» **WHAT YOU WILL DO**
I need the lines below from the one with "Load image into" down to the one with "A mother teaching her daughter to weave." reproduced exactly, both ends included, and nothing else.

START SOURCE DATA

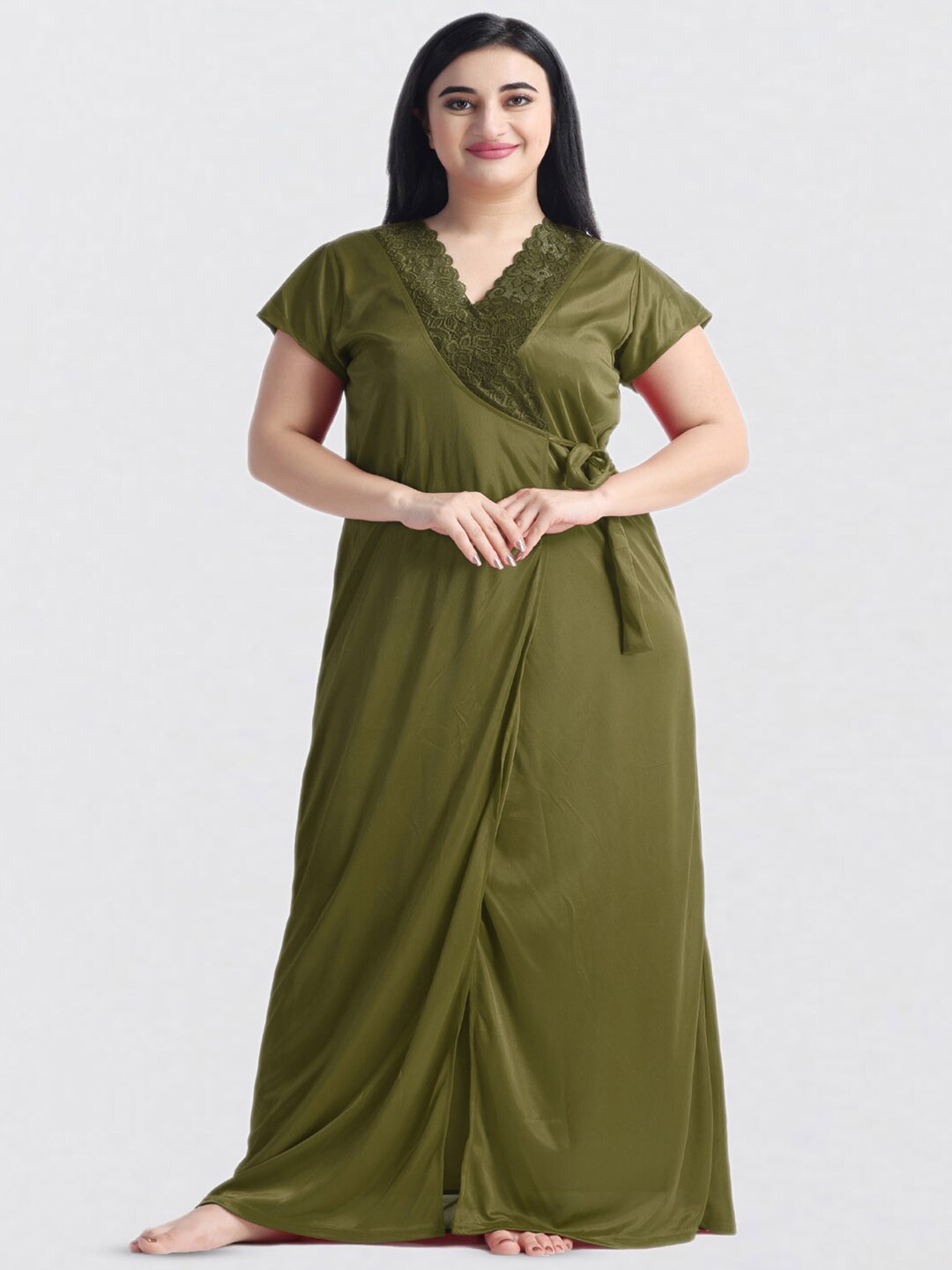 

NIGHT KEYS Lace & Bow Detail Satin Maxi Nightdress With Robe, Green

END SOURCE DATA
START SOURCE DATA

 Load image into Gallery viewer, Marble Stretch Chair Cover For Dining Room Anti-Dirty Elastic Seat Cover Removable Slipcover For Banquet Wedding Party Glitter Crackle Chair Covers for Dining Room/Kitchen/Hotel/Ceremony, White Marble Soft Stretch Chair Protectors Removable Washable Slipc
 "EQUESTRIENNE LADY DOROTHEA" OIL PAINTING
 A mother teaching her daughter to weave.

END SOURCE DATA

» **EXERCISE ANSWER**
 Load image into Gallery viewer, Marble Stretch Chair Cover For Dining Room Anti-Dirty Elastic Seat Cover Removable Slipcover For Banquet Wedding Party Glitter Crackle Chair Covers for Dining Room/Kitchen/Hotel/Ceremony, White Marble Soft Stretch Chair Protectors Removable Washable Slipc
 "EQUESTRIENNE LADY DOROTHEA" OIL PAINTING
 A mother teaching her daughter to weave.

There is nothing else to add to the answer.